Increasing attentions have been paid to elucidate possible ferritin receptors recently. Generally, there are three pathways for ferritin iron absorption. The first one is the normal pathway, as previously proposed for divalent ions. The iron core was released from ferritin by pepsin and the low pH (2.0) in the stomach, and then it was reduced to Fe2+ under the action of reducing agents, such as ascorbate, followed by absorption in the gut via the only protein responsible for ferrous iron uptake divalent metal transporter 1 (DMT1) [5,20,21]. The second one is the pathway for iron core.

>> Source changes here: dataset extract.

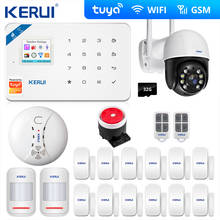 Kerui Tuya WIFI GSM Home Burglar LCD GSM SMS Touch Screen Alarm Panel Home Security Alarm System 3MP Wifi Camera App Control 2024 - buy cheap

There may be putative transporters at the cell surface responsible for intact iron core uptake [20]. The third one is the pathway for undigested ferritin iron or partially digested ferritin iron. So far, the receptors related to ferritin iron uptake have been studied by several researchers. For example, Tim-2 expressed in mice kidney and liver cells (all splenic B cells, bile duct epithelial cells, and renal tubule cells) is considered as a receptor for H-ferritin rather than L-ferritin, but no human analog has been found [22]. Meanwhile, research on developing kidney cells of mice indicated that the Scara5 is a ferritin receptor mediating non-transferrin iron delivery. Scara5 bound serum ferritin and then stimulated its endocytosis from the cell surface with consequent iron delivery [23]. Afterwards, the other study on soybean ferritin absorption by Caco-2 intestinal epithelial cells indicated that ferritin is usually absorbed by receptor-mediated endocytosis and AP2 as adapters may play significant roles during this process [24,25]. Moreover, TfR1 has been identified as the receptor for human H-ferritin uptake by endocytosis for most cell types [26]. It was observed that TfR-1 is specific for H ferritin but not for L ferritin. Interestingly, transferrin only partially inhibited H ferritin binding to TfR-1, indicating the ferritin and transferrin-binding sites do not overlap and raising the possibility that this dual receptor function may coordinate the processing. However, the exact receptors at Caco- 2 cell surface responsible for ferritin uptake have not been identified yet. Research on the bioavailability of plant and animal ferritin iron indicated that the interaction between ferritin and putative receptors depended on the subunit composition of ferritin (not published).

Conclusion

In summary, although ferritin iron is a potential candidate for iron supplement in the future to combating iron deficiency, there are still some limitations for its application. Firstly: the digestive stability of ferritin in vivo. Whether ferritin can pass through the gastrointestinal tract completely is crucial for the bioavailability. To date, there have been significant differences between in vivo and in vitro conditions, which need to be addressed. Secondly, the effect of other dietary components on ferritin should be also further elucidated. Finally, the mechanism by which ferritin is absorbed by Caco-2 remains unclear, but screening out the putative receptors at the intestinal cells can help us figure it out.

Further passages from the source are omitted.